Most Asian stock markets rose yesterday, with South Korea’s benchmark jumping nearly 6 percent in a catch-up rally, after US earnings showed companies are still scraping together profits despite the worst recession in decades.
Japan’s Nikkei 225 stock average rose 45.22 points, or 0.6 percent, to 8,106.29 while South Korea’s benchmark surged 5.9 percent to 1,157.98 after being closed for holidays on Monday and Tuesday.
Singapore’s market, which was also closed for the previous two sessions, gained 1.7 percent.
Australia’s main stock measure rose 1.5 percent.
Markets in Taiwan and China are closed all week for the Lunar New Year.
Hong Kong’s markets reopen today.
Sentiment in Asia got a boost as profits from US Steel, American Express, chip-maker Texas Instruments Inc and movie rental company Netflix Inc reassured investors that while the fourth quarter was generally terrible for US companies, it wasn’t the disaster many had feared.

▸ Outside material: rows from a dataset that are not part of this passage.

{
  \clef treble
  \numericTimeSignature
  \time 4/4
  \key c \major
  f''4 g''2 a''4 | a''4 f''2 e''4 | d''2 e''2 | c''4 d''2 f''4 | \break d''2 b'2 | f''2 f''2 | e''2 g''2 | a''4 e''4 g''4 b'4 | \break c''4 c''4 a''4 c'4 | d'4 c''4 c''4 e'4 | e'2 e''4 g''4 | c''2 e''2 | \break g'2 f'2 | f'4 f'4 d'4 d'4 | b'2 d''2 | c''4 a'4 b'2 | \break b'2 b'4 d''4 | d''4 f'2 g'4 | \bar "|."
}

The imminent passage by the US House of Representatives of a US$825 billion stimulus bill, which backers say could create up to 4 million jobs, also lent some support to markets.

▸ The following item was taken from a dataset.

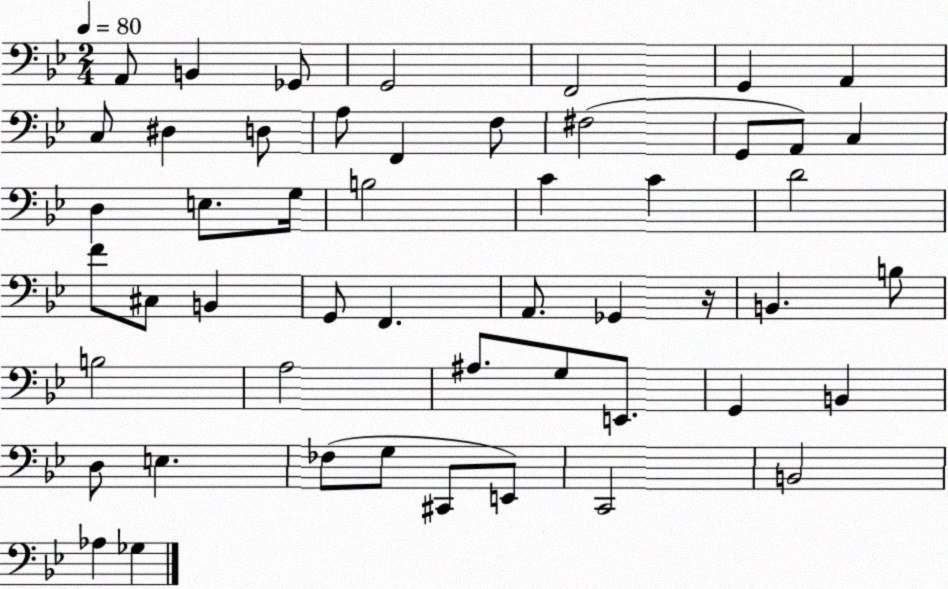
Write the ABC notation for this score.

The legislation, which includes roughly US$550 billion in spending and US$275 billion in tax cuts, could be signed by US President Barack Obama by the middle of next month.

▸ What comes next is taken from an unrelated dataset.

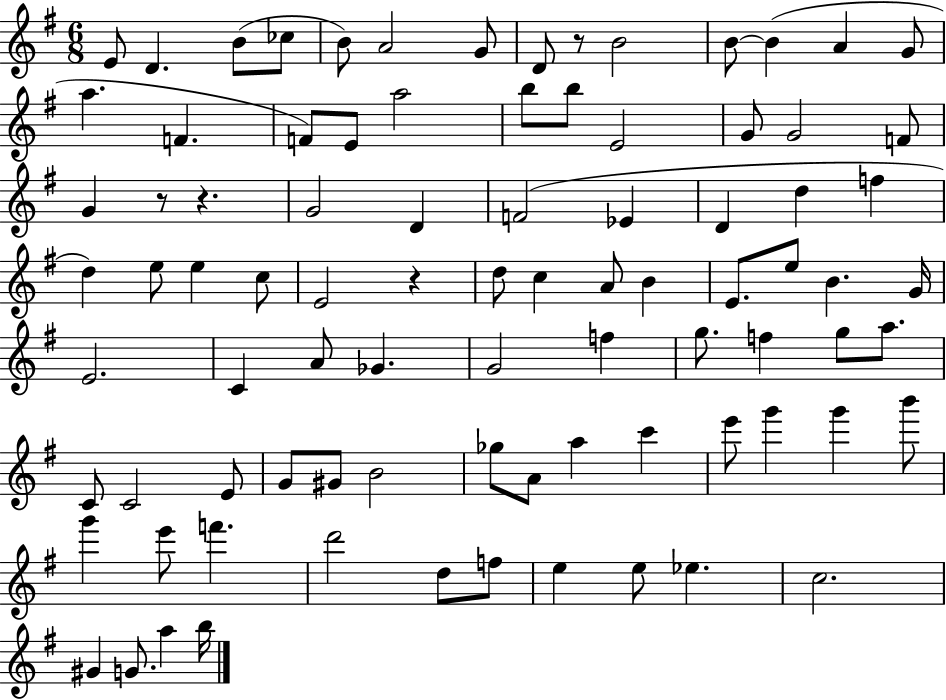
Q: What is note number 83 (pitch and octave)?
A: B5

The Dow Jones Industrials rose 58.70, or 0.72 percent, to 8,174.73 on Tuesday even as US consumer confidence slipped this month to its lowest level since the inception of the Conference Board’s index in 1967.
The broader Standard & Poor’s 500 index rose 9.14, or 1.1 percent, to 845.71.
The NASDAQ composite index rose 15.44, or 1 percent, on Tuesday to 1,504.90.
In Tokyo, Nomura Holdings Inc fell 1.7 percent a day after reporting a record loss for the third quarter as market turmoil and the heavy burden of its global ambitions dragged Japan’s biggest brokerage deeper into the red.
But megabank Mitsubish UFJ Finance gained 1.2 percent ahead of quarterly earnings. After the market closed, the bank said April-last month net profit plunged nearly 74 percent as a result of the global financial turmoil.
“Certainly, there is considerable nervousness about earnings, but today’s rise [in the Nikkei] is basically due to the euro’s climb against the yen,” said Nakayuki Yamagishi, a strategist at Mitsubishi UFJ Securities in Tokyo.
Sony Corp and Nintendo Co are scheduled to release quarterly results today.
Banks rallied in Seoul, catching up to gains by other Asian financial stocks in the wake of British lender Barclays saying it will still book a profit for last year despite massive writedowns.
KB Financial Group, the holding company for South Korea’s largest lender, Kookmin Bank, surged 11 percent.
South Korean chipmaker Samsung Electronics jumped 10.5 percent on hopes it would benefit from the collapse of German rival Qimonda, which recently filed for insolvency protection.
Meanwhile, Japanese memory chipmaker Elpida Memory Inc jumped 9.1 percent in Tokyo.